Adopt A Nest To Help Hornbills – The Hornbill Nest Adoption Program

Nature Conservation Foundation (NCF) – To protect hornbills and their nesting habitat in forests around fringe villages outside Pakke Tiger Reserve with Nyishi community members working as Nest Protectors. Adopt a hornbill nest and become a hornbill parent

by Nature Conservation Foundation

About the fundraiser:

The Hornbill Nest Adoption Program (HNAP) is a community-based conservation initiative that was started in 2012 to protect hornbills and hornbill nest trees/habitat in the Papum Reserve Forest which is contiguous with Pakke Tiger Reserve in Arunachal Pradesh. The program is based on the concept of “shared parenting”: citizens adopt hornbill nests and local people employed as Nest Protectors monitor and protect hornbill nest trees to ensure successful breeding. Donors are known as ‘Hornbill Parents’. Of course, the real hornbill parents still do all the hard work and we just help them along a bit.

Hornbills are secondary cavity nesters, therefore the availability of suitable cavities for nesting can be a limiting factor for hornbill populations. Hornbill pairs invest a lot of time and effort in breeding. The female hornbill seals herself in the cavity for 3-4 months (depending on the species) while food is brought by the male. They are vulnerable to human disturbance during this time. This makes it important to monitor and protect hornbill nests during the breeding season. There are three hornbill species in the lowland forests in this area – the Great Hornbill, Wreathed Hornbill and the Oriental Pied Hornbill. A fourth species, the Rufous-necked Hornbill is rarely seen here and found in the higher elevation forests.

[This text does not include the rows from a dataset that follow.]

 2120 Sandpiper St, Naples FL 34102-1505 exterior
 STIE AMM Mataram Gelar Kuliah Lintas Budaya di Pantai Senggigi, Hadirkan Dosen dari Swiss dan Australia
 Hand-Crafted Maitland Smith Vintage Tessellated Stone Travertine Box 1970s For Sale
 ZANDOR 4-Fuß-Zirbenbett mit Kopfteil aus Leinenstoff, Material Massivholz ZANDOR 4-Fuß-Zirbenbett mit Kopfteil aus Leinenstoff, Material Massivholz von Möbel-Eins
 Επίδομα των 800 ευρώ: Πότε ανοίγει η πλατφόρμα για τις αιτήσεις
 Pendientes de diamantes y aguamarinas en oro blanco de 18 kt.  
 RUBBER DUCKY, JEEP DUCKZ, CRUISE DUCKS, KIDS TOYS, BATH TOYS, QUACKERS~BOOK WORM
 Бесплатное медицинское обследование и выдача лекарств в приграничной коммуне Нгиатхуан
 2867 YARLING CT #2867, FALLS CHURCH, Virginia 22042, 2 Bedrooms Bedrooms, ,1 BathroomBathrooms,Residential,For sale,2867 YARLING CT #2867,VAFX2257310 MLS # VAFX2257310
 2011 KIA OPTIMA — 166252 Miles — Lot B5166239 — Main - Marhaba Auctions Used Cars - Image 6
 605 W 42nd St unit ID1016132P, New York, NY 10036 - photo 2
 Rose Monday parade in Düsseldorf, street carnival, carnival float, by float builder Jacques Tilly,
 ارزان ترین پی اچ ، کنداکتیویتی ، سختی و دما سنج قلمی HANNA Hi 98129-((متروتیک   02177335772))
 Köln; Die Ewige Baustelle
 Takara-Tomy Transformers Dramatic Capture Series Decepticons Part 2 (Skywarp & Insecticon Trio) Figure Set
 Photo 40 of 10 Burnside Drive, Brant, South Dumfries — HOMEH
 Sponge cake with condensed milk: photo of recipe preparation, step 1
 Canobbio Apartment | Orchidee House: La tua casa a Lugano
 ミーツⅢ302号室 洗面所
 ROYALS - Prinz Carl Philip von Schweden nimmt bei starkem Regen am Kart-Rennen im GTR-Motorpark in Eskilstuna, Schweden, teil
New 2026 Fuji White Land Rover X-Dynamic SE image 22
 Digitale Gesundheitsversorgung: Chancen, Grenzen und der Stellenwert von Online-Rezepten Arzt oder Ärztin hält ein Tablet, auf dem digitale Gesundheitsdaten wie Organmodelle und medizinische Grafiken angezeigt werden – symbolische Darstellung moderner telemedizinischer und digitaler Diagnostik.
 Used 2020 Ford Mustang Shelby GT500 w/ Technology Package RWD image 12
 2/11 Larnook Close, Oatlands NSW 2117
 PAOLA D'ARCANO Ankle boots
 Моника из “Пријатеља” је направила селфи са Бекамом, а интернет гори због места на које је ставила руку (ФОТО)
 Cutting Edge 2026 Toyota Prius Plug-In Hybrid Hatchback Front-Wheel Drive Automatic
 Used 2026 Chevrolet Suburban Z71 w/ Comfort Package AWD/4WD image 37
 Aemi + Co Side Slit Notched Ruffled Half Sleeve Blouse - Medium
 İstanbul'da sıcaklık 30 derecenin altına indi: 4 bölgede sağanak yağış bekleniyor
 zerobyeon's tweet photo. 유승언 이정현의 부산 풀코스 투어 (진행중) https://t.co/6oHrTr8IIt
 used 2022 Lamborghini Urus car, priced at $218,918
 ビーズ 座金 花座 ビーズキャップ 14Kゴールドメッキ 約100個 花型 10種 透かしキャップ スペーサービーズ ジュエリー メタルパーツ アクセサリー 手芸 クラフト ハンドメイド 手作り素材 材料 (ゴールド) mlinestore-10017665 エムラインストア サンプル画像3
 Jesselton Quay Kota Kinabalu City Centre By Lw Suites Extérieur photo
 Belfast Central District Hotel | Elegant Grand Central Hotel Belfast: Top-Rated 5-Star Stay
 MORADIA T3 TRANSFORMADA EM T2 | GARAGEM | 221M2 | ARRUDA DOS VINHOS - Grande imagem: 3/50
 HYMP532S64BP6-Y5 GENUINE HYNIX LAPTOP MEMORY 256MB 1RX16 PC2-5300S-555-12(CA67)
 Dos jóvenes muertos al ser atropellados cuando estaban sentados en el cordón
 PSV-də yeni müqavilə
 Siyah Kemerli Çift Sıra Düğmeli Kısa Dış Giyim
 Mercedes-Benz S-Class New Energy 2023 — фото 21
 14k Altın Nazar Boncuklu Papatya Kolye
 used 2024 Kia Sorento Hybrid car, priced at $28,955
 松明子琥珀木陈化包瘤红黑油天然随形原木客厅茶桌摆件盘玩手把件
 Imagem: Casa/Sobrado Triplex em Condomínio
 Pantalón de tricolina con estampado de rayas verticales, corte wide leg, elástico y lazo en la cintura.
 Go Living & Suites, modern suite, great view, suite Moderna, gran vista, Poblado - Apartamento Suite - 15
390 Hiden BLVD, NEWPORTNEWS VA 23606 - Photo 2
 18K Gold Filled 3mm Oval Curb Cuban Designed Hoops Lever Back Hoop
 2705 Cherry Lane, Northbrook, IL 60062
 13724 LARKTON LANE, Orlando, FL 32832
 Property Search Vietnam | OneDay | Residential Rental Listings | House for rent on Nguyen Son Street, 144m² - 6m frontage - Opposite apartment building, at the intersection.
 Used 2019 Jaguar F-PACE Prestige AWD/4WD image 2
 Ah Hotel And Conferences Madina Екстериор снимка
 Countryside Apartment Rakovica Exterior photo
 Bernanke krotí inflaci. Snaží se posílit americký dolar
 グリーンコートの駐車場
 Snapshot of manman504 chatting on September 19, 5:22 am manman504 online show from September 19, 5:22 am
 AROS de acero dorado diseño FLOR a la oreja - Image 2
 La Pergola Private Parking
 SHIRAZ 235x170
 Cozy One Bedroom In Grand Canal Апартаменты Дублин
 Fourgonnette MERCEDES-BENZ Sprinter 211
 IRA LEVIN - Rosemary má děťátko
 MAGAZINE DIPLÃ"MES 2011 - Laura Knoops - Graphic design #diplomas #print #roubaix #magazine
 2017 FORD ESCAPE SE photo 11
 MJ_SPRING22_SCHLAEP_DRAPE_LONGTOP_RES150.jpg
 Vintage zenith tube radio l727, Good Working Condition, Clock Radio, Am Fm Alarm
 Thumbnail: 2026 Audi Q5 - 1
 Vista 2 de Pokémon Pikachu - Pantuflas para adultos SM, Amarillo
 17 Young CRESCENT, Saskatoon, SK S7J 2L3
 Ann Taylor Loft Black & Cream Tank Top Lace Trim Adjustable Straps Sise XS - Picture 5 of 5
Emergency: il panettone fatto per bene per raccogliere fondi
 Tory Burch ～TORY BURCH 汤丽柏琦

To ensure the protection of the three lowland hornbill species and their nest trees, the HNAP currently employs 11 Nest Protectors who belong to the local Nyishi tribe. The nest protectors locate hornbill nests in January-February and monitor them through the breeding season (March to August). They monitor hornbill roost sites and walk transects in the Reserve Forest to count hornbills and other wildlife in the non-breeding season. From 2012-2020, through the HNAP, 152 hornbill chicks have successfully fledged from their nests which includes 35 Great Hornbill, 20 Wreathed Hornbill and 97 Oriental Pied Hornbill chicks.

The Nest Protectors have been monitoring nests even during the pandemic and sharing data using an online portal. The Nest Protectors also engage with local community members to instil the message of conservation and discourage people from illegal activities. Their commitment towards hornbills is heartening. For many of them, the HNAP is the main source of income to support their families.

How funds will be utilised:

The HNAP has been running since 2012 due to the support and care of individual ‘hornbill parents’, as well as some support from several zoos abroad. We have not raised much last year and this year, we are short of funds needed to run the program. The funds raised will be used to cover all expenses for the smooth running of the program. The main costs that your contribution will support are listed below: 

  • Salaries of the HNAP local co-ordinator and nest protectors
  • Field equipment for the nest protectors
  • Medical expenses for the nest protectors
  • Logistics and local travel

Adopt a nest and become a 'Hornbill Parent' now!

Impact on the ground:

  • Protection of hornbills and hornbill nests
  • Successful fledging of hornbill chicks
  • Employment of community members
  • Building a network of conservation leaders
  • Monitoring of hornbill populations

Nature Conservation Foundation

At the Nature Conservation Foundation (NCF), our mission is to explore, understand, and conserve India’s wild spaces and species through research and responsible engagement with society. We believe in a world where nature and society can flourish together. Our efforts focus on trying to create models of conservation, conflict management and economic development that are respectful and inclusive of local human communities, and promote nature conservation, restoration, and sustainable development. In our conservation work, we stand for equity and inclusivity, and place high premium on responsible engagement with local people and ethical treatment of wild species. NCF’s team of scientists, conservationists, and field staff study and conserve highly endangered and charismatic species like snow leopards, hornbills, and elephants, and lesser-known ones like corals and rainforest trees. We work closely with local communities, governments, and the citizenry to better understand and conserve species and habitats. Currently, we carry out field work in eighteen states of India—from the high Himalaya to the coral islands of Lakshadweep, from the rainforests of the north-east to the montane grasslands of the Western Ghats. Complementing this are our nationwide efforts in nature education, citizen science, and outreach. Our work is rooted in long-term scientific research in ecology and society.